Maroc

Un tournant stratégique pour l’industrie aéronautique marocaine en montée.

La réalisation de l’usine de production des trains d’atterrissage du Groupe Safran à Nouaceur représente un investissement de plus de 280 millions d’euros et permettra la création de 500 emplois hautement qualifiés. Selon Khaled Hamadé, cette unité est considérée comme l’un des plus grands centres de fabrication de systèmes d’atterrissage au monde et contribue à renforcer l’attractivité du Maroc auprès d’autres équipementiers mondiaux.


La construction de l’usine de production des trains d’atterrissage du Groupe Safran à Nouaceur représente un tournant stratégique dans l’essor de l’industrie aéronautique marocaine, a déclaré le président de l’Institut international d’études géopolitiques (IIEG), Khaled Hamadé. Situé dans la plateforme industrielle de Midparc au sein du pôle aéronautique de Nouaceur, cet investissement dépassant 280 millions d’euros illustre « la consolidation du positionnement du Maroc comme hub industriel intégré dans les chaînes de valeur mondiales à haute intensité technologique », a précisé cet expert en géostratégie à MAP-Paris.

Selon lui, cet événement dépasse largement le cadre d’un simple investissement industriel, s’inscrivant dans une reconfiguration profonde des équilibres géopolitiques mondiaux. Il a rappelé que la production de systèmes de trains d’atterrissage ne constitue pas une simple activité d’assemblage, mais représente un secteur à forte valeur ajoutée, nécessitant un haut niveau d’ingénierie, de précision et de certification internationale. Il a expliqué que cette nouvelle unité, considérée comme l’un des plus grands centres de fabrication de systèmes d’atterrissage au monde, renforcera le tissu industriel national en matière d’usinage de précision, de métallurgie avancée et de maintenance aéronautique.
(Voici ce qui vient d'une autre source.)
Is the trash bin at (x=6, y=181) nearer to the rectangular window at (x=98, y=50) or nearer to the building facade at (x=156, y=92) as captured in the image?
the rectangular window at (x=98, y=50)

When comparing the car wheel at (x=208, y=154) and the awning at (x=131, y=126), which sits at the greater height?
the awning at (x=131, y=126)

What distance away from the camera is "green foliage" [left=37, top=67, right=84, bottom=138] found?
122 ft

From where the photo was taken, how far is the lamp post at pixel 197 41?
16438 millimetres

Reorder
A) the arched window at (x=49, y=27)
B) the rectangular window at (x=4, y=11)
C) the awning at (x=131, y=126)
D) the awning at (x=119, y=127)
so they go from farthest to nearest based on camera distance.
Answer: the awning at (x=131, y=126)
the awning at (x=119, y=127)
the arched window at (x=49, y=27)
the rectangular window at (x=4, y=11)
Avec 500 emplois hautement qualifiés à la clé et une alimentation entièrement en énergie décarbonée, le projet réaffirme « l’alignement de la stratégie industrielle nationale sur les exigences de compétitivité durable et de transition énergétique », a-t-il ajouté. Sur le plan géostratégique, l’IIEG identifie dans ce projet la matérialisation de la doctrine du « friendshoring » : face aux tensions géopolitiques et aux perturbations des chaînes d’approvisionnement mondiales, les puissances occidentales relocalisent leurs productions critiques vers des partenaires jugés politiquement fiables et géographiquement proches.
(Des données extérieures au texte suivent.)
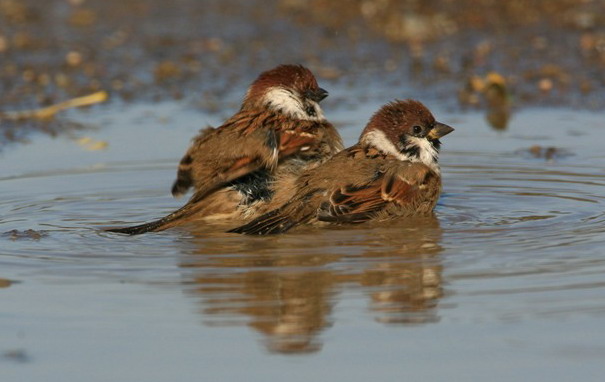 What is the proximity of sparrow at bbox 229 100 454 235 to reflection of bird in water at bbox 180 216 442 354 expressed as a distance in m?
0.11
Le Maroc, selon M. Hamadé, par sa stabilité et sa proximité avec l’Europe, incarne pleinement cette base arrière industrielle stratégique. Pour lui, en développant une capacité de production de trains d’atterrissage et de moteurs de nouvelle génération aux portes de l’Europe, Safran ne délocalise pas : il crée une résilience distribuée pour l’ensemble de l’industrie aéronautique occidentale.

À moyen terme, ce type d’investissement devrait accroître l’attractivité du Royaume vis-à-vis d’autres équipementiers mondiaux et renforcer la souveraineté industrielle dans des secteurs stratégiques, a affirmé M. Hamadé, jugeant que « le Maroc franchit ainsi une nouvelle étape dans son ambition de devenir une plateforme aéronautique de référence à l’échelle internationale ». En devenant un maillon incontournable de la chaîne de valeur aéronautique mondiale, le Maroc ne subit plus la mondialisation : il la façonne désormais à son avantage. Il a conclu en affirmant que « dans le nouvel ordre mondial fragmenté, le Royaume transforme sa géographie économique en capital géopolitique, s’imposant comme un acteur essentiel de la sécurité industrielle occidentale et un modèle de développement pour le continent africain ».